Samuel A. Falvo II sam.falvo at gmail.com
Wed Aug 2 16:30:41 UTC 2006


On 8/2/06, Pete Loveall AE5PL <pete at ae5pl.net> wrote:
> Also, I have seen comments about things like voice-over-packet.  This is
> trying to move AX.25 out of layer 2 and writing AX.25 specific
> protocols.

This is not true, and I don't see how or why you would come to this
conclusion.  Voice over IP has done absolutely nothing to change IP as
a layer-3 protocol -- most VoIP implementations utilize UDP/IP or the
new TCSP/IP protocols.

Nonetheless, the use of AX.25 to propegate digital voice cannot be
discounted on links with sufficient bandwidth.  QoS has to do
primarily with two things: timing (when to send out frames so as to
not congest the switches), and efficiency (using as large a frame as
possible to minimize header overhead, but subdividing a single frame
into multiple slots, each of which represents a different QSO in
progress -- essentially, when combined with carefully scheduled frame
transmissions, TDMA).

> If we can get a 2.3 specification which is somewhat backwards compatible
> (doesn't break currently installed equipment) with relatively generic
> support, then we can look at a 3.0 specification that may not be

I truely don't see what needs to be changed in v2.2 going forward to
v2.3.  The only thing that I would say needs to be "changed" is
verbiage telling application developers that certain antiquated modes
of use are deprecated and not guaranteed to be functional in an AX.25
v3.0 environment.

Looking forward to v3.0, the only thing I see that needs to be changed
so far is the support for different addressing formats, and maybe
support for supporting XID information as well.
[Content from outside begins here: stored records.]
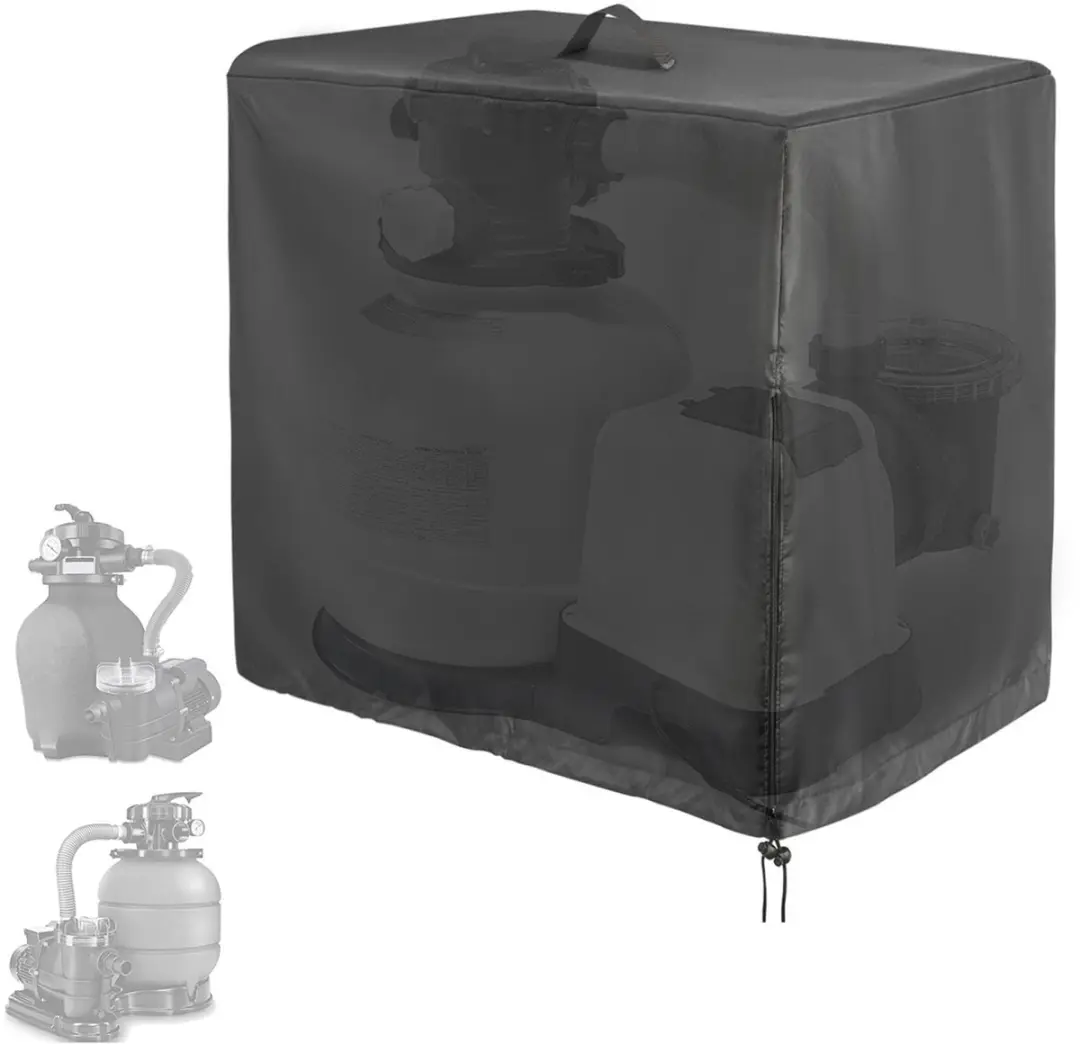 Intex Zwembadafdekking 84x61x86cm - Zwart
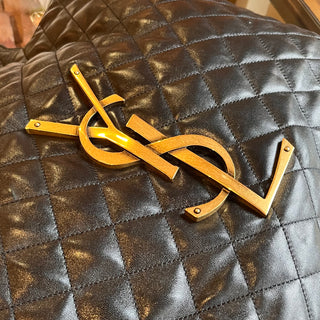 SAINT LAURENT Icare Maxi Quilted Lambskin Shopping Tote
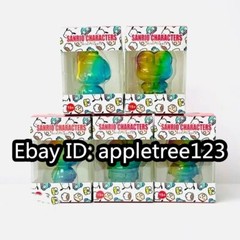 UNBOX SANRIO MINI Colorful Clear Set(5Pcs) SOFT VINYL Figure SOFUBI H7CM(2.8in)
Remember that AX.25 is a layer-2 protocol like Ethernet is.  How often
does Ethernet change?  :)

> character callsigns, QoS, non-HDLC layer 1s, etc.  While not necessarily

Heh, QoS at layer 2 with any kind of frame relay service on a shared
bandwidth medium, of which AX.25 over RF falls into, is going to be
nearly impossible.  The only reason VoIP works (not all that) well at
all is because of 1000-base-T and 10GigE star-topology backbones.  And
even with these rediculously fast Ethernet technologies, you get
quarter second or more of delay, massive echo, etc.

If you want true QoS, you will want Amateur ATM or DTM.  It really is
that simple.

Still, implementing things like Forward and Backward Explicit
Congestion Notification schemes (which is almost certainly a layer 3
issue) can help determine the *rate* at which a source node issues
frames so as to minimize congestion inside the frame cloud.  Note that
the use of RR and RNR frames constitutes a limited form of ECN
already, but it's restricted only between two peers, and it's "all or
nothing" in nature.

VoP also need not be real-time -- I go through a repeater scenario
where non-real-time frame transmission is used to support multiple
QSOs on a single repeater in my NgARN article.